Proportionality in Action
Everything has to have context; you don’t fully appreciate life’s triumphs if you haven’t experienced its failures; you can’t be truly happy without suffering abject misery; you can’t be unhappy without having experienced joy.
Yes, psychologists would debate the validity of these harmless platitudes, but we might be tempted to look back upon the lesser evils, fearsome in their time, of such cases as Kazakhstan Kagazy PLC v Zhunus [2015] EWHC 404 (Comm) and Hobbs – v – Guy’s & St Thomas’s NHS FT [2015] SCCO when considering the downright terrifying decision in BNM – v – MGN Limited [2016] EWHC B13 (Costs).
As the doomsayers may say, ‘we might not have long’ and with the ever increasing need for efficiency, we’ll keep this short:
- Costs claimed = £241,817, including a success fee in respect of the solicitors’ costs of 60%, counsel of 75% and an ATE premium of £58,000 plus IPT of £3,480
- On detailed assessment, subject to the outstanding issue of proportionality, success fees of solicitors and counsel were allowed at 33 per cent and the ATE premium was allowed as claimed.

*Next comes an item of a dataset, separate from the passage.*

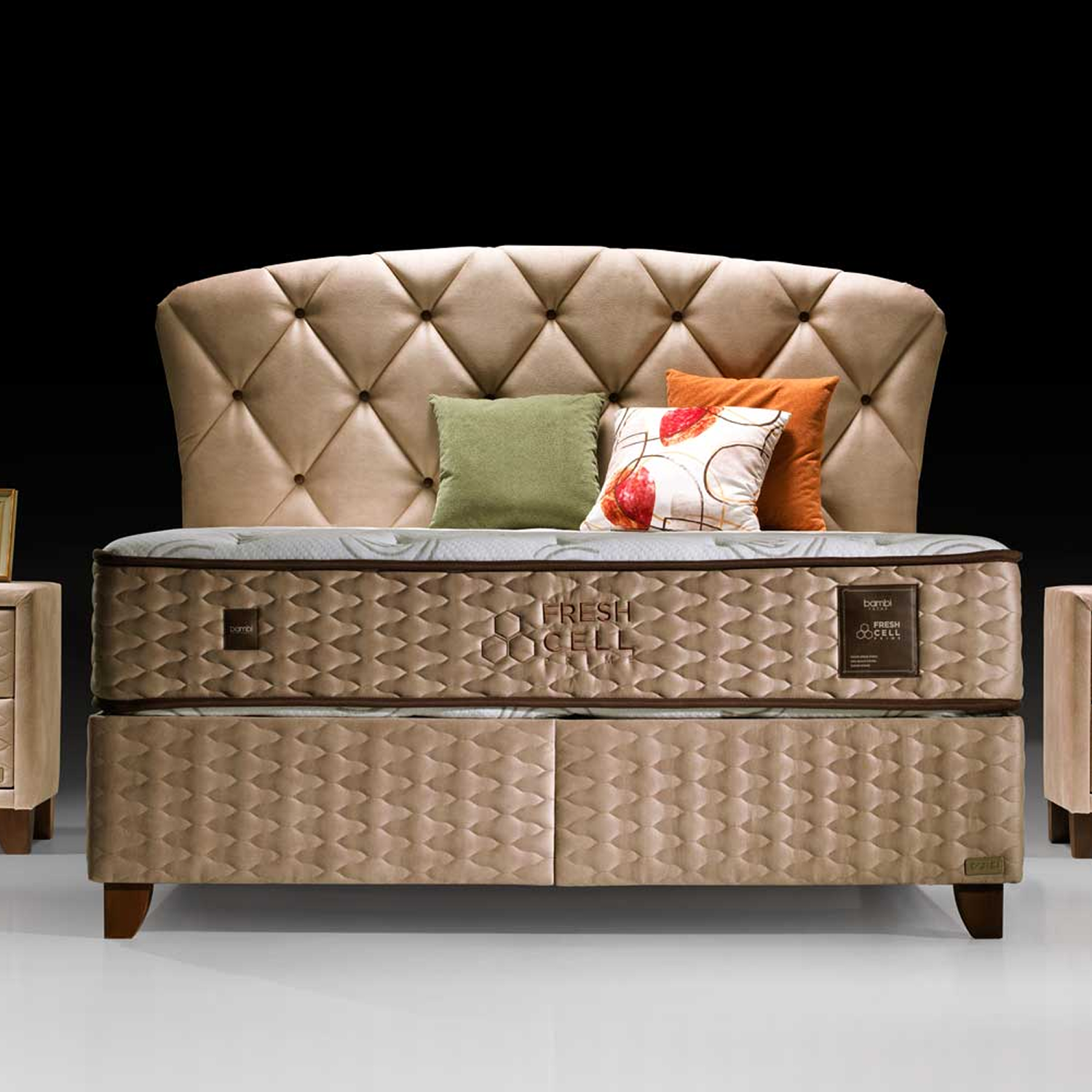 Boxspring avec coffre de rangement et matelas orthopedique reversile style raffine collection FRESHCELL PRIME vue de face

- A line by line assessment of the whole bill based on what was ‘reasonable’ resulted in overall assessment of £167,389.45
Master Gordon-Saker had to consider how the Court should go about applying the test of proportionality to those additional liabilities that remain recoverable under new agreements post-April 2013, and decided that:
- The ‘new’ test of proportionality applies to additional liabilities where they remain recoverable after 01.04.13 and are not otherwise covered by the saving clause of CPR 44.3(7)
- When applying the new test of proportionality, contrary to the ‘old’ section 11.5 of the costs practice direction, additional liabilities are not to be assessed separately
Having assessed the bill on the basis of what was ‘reasonable’ Master Gordon-Saker turned his (one must assume) stern gaze upon the proportionality of the costs as assessed, and decided that the resulting assessment remained disproportionate to the various considerations under CPR 44.4(3).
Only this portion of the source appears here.